━━━ Data for the task

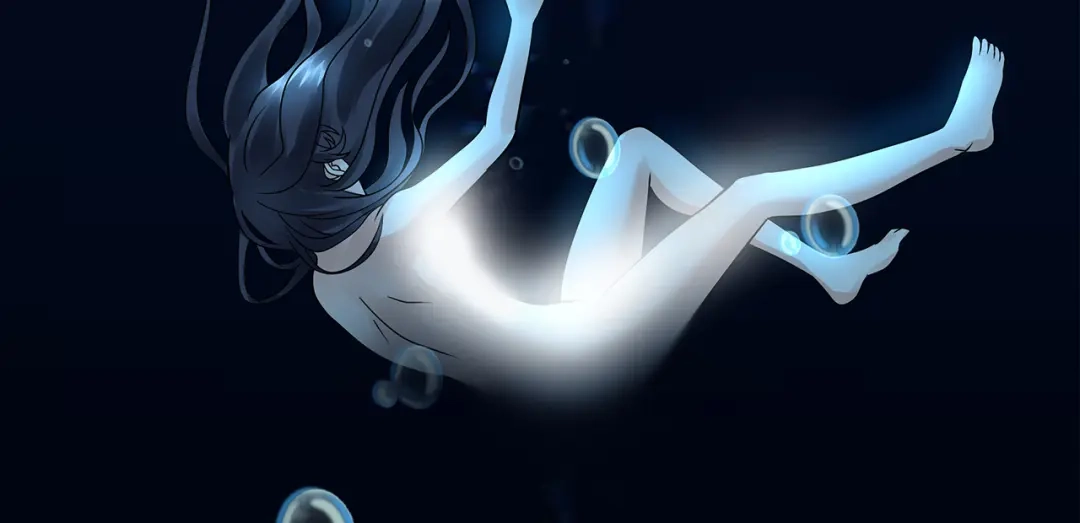《吞噬领域》第119话 请叫我女王 第67页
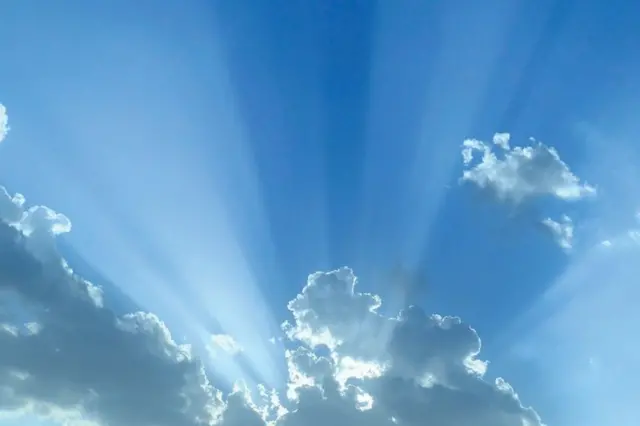 શૂન્યની શોધ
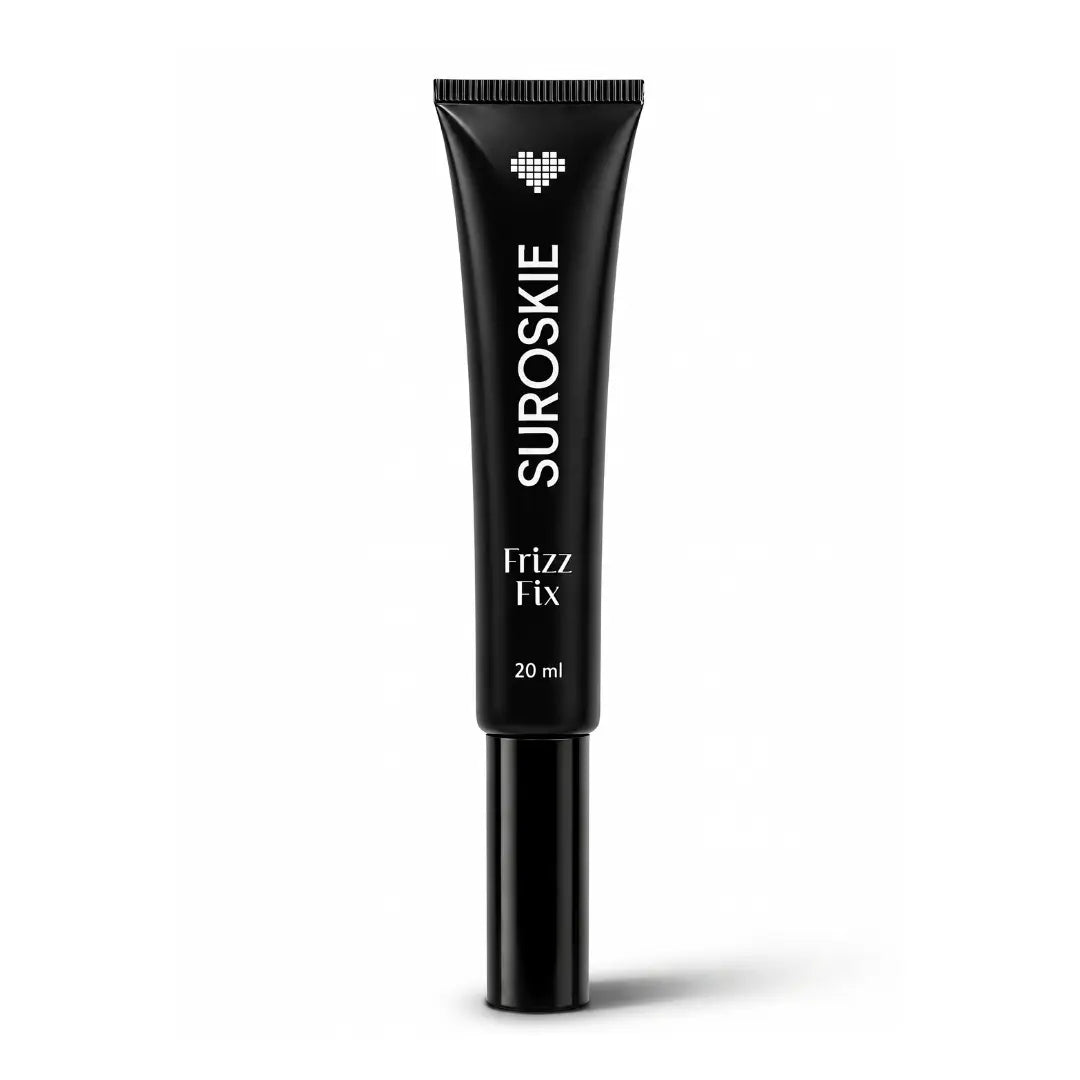 Anti Frizz Hair Stick (15ML)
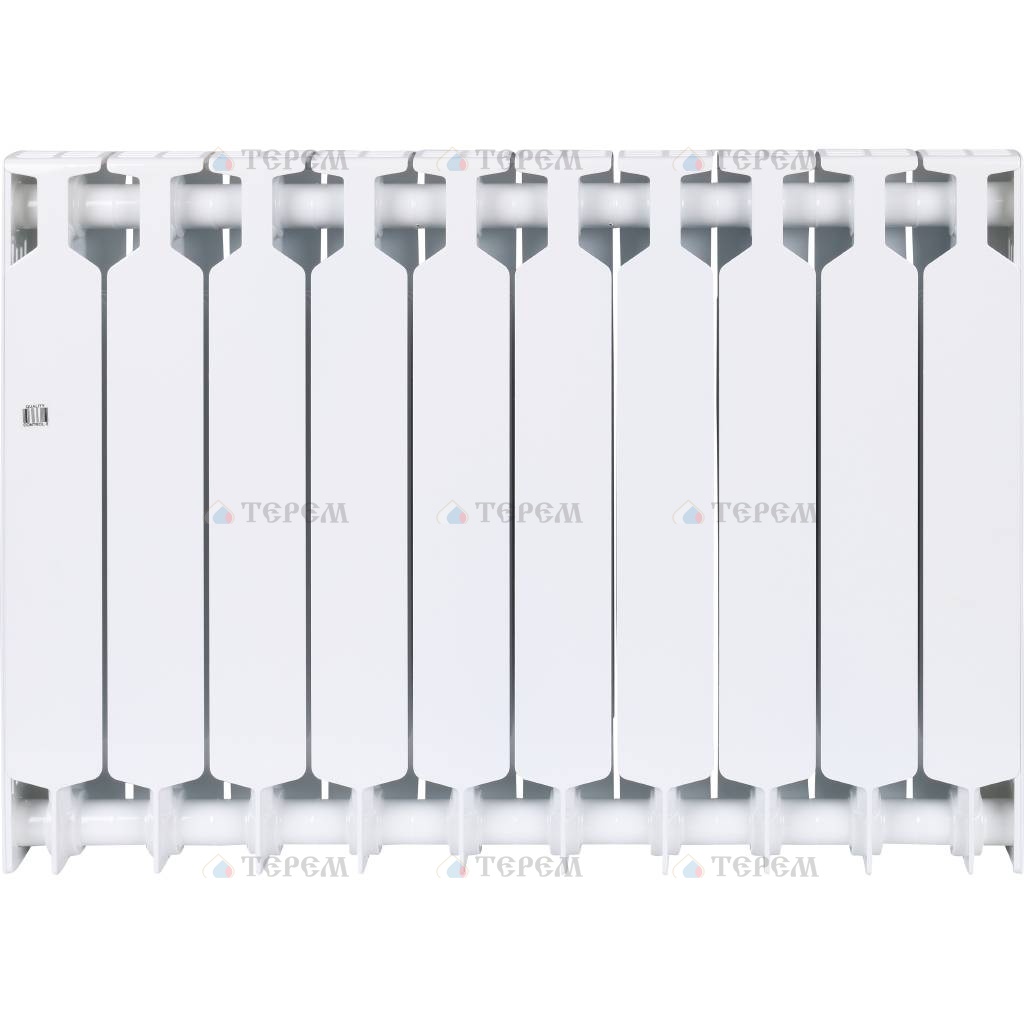 Радиатор bimetal sti eco rus 500/80 12 сек. Радиатор биметаллический вм500/78 s19 500 10 секций 1200вт benamo. Радиатор отопления royal thermo revolution bimetall 500 8 секций. Алюминиевый радиатор evolution eva 200. Rifar supremo 500 (10 секций).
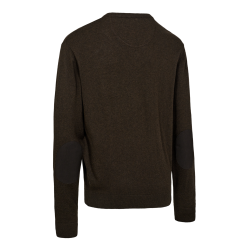 Harrington V-Neck striktrje 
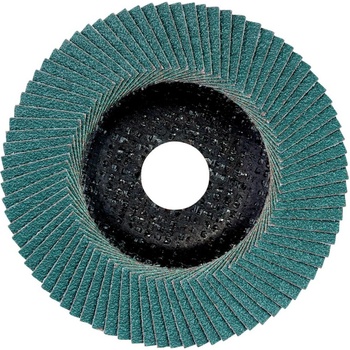 Metabo Lamelový 22.23 mm 623177000 10 ks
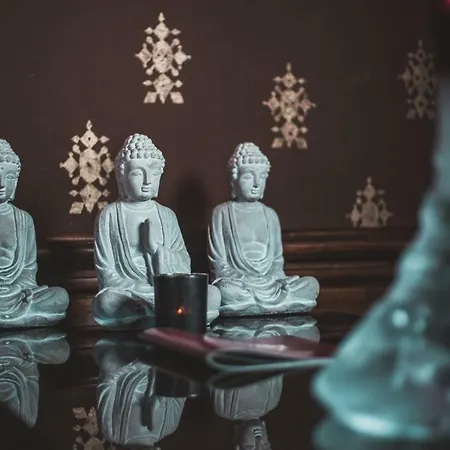 Penzion Restart House - Spiššská Sobota Poprad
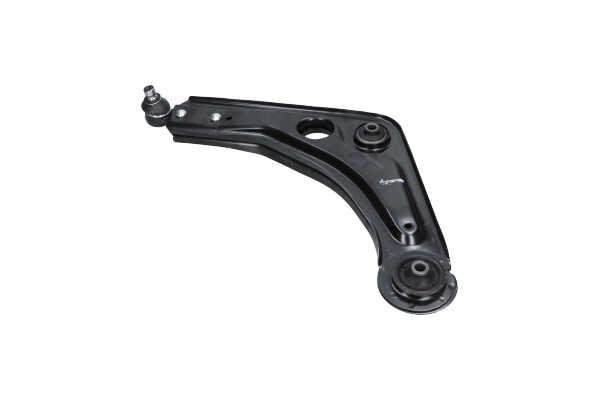 95AB3051AE OE KAVO PARTS Bras de suspension SCA-10410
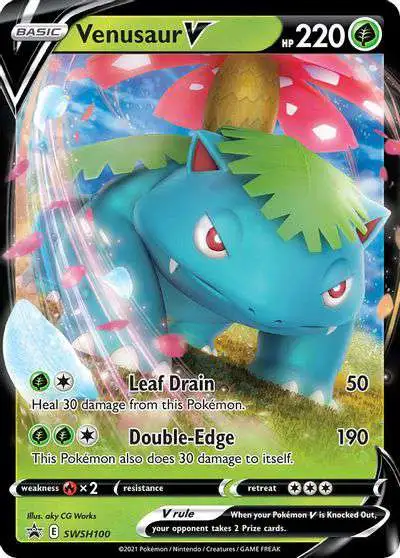 pokemon trading card game venusaur Pokémon TCG: ex & Blastoise ex Premium Collection : Toys & Games you may move 1 Grass Energy card from 1 of your Pokémon to another of your Pokémon Pokemon Trading Card Game Sword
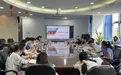 观察|学生凭实践成果拿硕博学位,在沪高校有哪些探索?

━━━━━━

What is expected —
Leave the pictures out and output all of the data verbatim.

Solution to this problem —
《吞噬领域》第119话 请叫我女王 第67页
 શૂન્યની શોધ
 Anti Frizz Hair Stick (15ML)
 Радиатор bimetal sti eco rus 500/80 12 сек. Радиатор биметаллический вм500/78 s19 500 10 секций 1200вт benamo. Радиатор отопления royal thermo revolution bimetall 500 8 секций. Алюминиевый радиатор evolution eva 200. Rifar supremo 500 (10 секций).
 Harrington V-Neck striktrje 
 Metabo Lamelový 22.23 mm 623177000 10 ks
 Penzion Restart House - Spiššská Sobota Poprad
 95AB3051AE OE KAVO PARTS Bras de suspension SCA-10410
 pokemon trading card game venusaur Pokémon TCG: ex & Blastoise ex Premium Collection : Toys & Games you may move 1 Grass Energy card from 1 of your Pokémon to another of your Pokémon Pokemon Trading Card Game Sword
 观察|学生凭实践成果拿硕博学位,在沪高校有哪些探索?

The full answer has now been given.